Q: How do I pick the correct parameters for automasking during refinement or using the mask.auto3d processor ?
Additional Note - The new e2filtertool.py program provides an excellent way to interactively determine good mask parameters !
A: When you produce a 3-D structure using single particle analysis, there is inevitably residual noise left in the final reconstruction. While there is nothing you can do about the noise on top of the particle density itself, noise which is clearly outside the particle volume in the solvent region, can, and should be removed. When used as part of an iterative refinement process, this can reduce the overall noise level in the projections, and produce more accurate particle orientations, and hence, more accurate reconstructions. However, if not done carefully, this process can also impact model bias, and can cause resolution exaggeration.
The automasking procedure used in both EMAN1 and 2 is safe for most purposes. If you have a structure with a highly mobile peripheral domain, or some other low density peripheral feature, however, it must be used with caution to avoid 'chopping off' parts of the structure you wish to visualize. In EMAN2.1 the automask parameters are determined automatically, and you should only specify this option if the automatic parameters don't work well.
The basic algorithm is fairly straightforward. Starting in the middle of the map, we first define a sphere of density which is inside, but touching, some portion of the actual model. This is defined by the 'radius=' parameter (in pixels). ie - define a radius of a sphere, starting at the center, which is large enough to contact some portion of your model's density, but NOT large enough to extend outside your model.

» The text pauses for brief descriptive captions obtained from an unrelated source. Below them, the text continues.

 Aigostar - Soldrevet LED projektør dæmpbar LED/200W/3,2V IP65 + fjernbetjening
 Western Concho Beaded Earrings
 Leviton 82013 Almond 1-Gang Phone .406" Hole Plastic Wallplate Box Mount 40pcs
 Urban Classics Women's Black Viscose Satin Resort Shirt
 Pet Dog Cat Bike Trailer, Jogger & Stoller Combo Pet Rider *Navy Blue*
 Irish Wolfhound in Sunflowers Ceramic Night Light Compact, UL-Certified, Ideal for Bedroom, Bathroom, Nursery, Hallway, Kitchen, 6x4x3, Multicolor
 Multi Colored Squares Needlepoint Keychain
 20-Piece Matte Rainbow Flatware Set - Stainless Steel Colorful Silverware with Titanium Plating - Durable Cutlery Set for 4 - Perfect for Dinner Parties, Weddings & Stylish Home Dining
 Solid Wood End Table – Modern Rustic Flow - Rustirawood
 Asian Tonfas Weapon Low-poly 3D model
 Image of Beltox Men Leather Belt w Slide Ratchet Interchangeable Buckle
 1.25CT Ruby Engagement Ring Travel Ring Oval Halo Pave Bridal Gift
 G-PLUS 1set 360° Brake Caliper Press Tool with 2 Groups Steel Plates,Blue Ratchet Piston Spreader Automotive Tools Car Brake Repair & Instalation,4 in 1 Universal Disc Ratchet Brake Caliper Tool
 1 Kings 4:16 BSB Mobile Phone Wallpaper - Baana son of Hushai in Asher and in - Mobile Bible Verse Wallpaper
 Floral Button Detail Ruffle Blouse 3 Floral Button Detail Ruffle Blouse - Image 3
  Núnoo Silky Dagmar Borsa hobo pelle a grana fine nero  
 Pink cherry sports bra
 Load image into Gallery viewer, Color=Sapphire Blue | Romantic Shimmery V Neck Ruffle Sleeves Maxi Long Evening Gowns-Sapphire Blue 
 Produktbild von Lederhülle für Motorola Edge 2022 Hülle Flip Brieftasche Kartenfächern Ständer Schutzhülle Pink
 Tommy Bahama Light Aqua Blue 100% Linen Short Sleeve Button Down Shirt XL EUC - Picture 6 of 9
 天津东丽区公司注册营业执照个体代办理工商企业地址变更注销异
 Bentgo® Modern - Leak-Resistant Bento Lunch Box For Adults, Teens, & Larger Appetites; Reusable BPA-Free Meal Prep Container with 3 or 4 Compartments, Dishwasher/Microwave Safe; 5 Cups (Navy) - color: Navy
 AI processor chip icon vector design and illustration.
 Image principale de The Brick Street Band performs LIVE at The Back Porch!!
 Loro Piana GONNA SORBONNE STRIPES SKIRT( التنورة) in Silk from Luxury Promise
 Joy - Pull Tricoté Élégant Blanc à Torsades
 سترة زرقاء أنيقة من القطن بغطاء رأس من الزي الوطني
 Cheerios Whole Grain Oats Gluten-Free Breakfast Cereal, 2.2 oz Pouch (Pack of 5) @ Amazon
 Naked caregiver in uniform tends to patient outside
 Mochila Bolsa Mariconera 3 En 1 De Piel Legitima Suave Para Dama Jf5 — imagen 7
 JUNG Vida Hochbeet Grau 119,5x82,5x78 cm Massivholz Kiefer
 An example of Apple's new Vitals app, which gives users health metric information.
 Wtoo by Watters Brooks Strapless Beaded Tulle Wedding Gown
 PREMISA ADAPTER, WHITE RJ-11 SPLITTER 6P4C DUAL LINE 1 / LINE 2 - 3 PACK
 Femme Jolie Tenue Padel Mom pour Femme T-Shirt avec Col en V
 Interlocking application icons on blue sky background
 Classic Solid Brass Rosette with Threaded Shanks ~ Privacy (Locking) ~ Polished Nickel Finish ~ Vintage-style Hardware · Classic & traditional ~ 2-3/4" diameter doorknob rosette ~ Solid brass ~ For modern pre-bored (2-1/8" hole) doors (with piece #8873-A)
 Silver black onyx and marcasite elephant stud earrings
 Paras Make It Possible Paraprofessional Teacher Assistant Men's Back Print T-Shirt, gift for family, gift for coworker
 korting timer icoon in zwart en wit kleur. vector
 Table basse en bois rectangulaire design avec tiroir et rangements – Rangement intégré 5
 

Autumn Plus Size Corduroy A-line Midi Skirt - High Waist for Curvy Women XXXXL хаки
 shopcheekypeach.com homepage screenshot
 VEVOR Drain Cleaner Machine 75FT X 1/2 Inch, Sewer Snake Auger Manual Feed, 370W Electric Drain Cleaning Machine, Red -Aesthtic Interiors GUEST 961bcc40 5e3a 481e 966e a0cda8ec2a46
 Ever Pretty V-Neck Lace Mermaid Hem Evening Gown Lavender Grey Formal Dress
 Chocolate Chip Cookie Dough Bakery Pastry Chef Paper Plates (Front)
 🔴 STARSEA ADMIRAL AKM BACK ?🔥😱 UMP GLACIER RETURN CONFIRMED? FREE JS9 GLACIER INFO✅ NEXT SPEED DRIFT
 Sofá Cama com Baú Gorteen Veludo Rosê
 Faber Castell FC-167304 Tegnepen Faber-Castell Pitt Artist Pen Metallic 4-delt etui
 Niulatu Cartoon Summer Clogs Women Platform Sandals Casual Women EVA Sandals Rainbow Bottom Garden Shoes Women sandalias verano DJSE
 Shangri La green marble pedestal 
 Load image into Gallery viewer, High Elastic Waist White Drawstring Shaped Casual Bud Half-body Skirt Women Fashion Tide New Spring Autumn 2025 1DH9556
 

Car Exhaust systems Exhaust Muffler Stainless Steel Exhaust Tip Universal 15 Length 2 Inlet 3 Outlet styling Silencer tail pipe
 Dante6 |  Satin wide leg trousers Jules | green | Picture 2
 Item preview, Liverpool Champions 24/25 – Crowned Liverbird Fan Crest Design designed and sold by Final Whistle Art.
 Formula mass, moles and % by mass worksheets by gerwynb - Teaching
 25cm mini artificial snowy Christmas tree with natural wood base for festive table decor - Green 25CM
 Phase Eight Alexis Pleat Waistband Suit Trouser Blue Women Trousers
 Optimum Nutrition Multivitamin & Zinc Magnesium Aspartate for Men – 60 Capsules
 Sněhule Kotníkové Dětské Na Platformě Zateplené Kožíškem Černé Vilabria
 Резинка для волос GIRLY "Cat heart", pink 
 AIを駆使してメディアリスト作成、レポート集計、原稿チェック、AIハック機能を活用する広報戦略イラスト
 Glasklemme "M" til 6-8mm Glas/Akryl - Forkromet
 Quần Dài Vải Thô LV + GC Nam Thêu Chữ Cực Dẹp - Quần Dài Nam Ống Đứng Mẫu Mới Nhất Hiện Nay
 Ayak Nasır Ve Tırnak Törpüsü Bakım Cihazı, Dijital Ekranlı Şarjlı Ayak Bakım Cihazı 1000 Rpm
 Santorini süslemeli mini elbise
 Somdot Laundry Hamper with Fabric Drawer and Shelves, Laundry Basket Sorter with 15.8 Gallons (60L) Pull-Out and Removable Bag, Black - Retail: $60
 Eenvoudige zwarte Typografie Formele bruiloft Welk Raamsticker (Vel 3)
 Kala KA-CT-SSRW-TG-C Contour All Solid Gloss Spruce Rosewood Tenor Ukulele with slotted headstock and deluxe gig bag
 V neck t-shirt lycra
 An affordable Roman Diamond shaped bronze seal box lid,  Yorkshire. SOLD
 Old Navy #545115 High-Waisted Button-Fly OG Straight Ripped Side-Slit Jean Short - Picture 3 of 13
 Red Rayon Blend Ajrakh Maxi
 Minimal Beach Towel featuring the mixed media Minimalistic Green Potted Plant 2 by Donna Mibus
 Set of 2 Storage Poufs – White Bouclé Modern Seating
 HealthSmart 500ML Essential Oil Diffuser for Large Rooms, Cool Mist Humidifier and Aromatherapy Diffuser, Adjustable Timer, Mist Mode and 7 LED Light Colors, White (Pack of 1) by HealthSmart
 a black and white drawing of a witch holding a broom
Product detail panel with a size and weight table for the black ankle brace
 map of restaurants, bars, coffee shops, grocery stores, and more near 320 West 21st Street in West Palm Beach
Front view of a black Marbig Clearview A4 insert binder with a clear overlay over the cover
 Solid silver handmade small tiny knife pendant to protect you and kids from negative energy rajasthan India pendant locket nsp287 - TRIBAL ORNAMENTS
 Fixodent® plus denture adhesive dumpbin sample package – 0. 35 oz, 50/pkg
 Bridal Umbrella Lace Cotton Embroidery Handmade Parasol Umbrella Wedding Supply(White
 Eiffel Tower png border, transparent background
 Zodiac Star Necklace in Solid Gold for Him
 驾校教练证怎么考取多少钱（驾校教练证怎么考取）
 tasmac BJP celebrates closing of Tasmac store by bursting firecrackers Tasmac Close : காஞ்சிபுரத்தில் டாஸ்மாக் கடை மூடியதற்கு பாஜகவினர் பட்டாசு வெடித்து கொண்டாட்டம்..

This sphere is used as a seed for a floodfilling algorithm. The program will find any density above a specified threshold, which is in contact with this sphere. For this, you specify the density threshold (threshold=). This number should generally be similar to the isosurface value you use when visualizing your map (perhaps slightly lower).
Now, if this were used by itself to mask out the map, your map would have a sharp edge, you would get model bias, and the sharp edge could produce resolution exaggeration with the even/odd test. To avoid this, there are 2 additional parameters. The first is 'nshells', which is the number of 1-voxel shells to extend the mask from this inital 'tight' mask around the surface which we just determined. This produces a mask which is still shaped like your particle, but is far enough away from the surface that it isn't cutting through any important densities. This value is typically ~5% of the the box-size (in pixels).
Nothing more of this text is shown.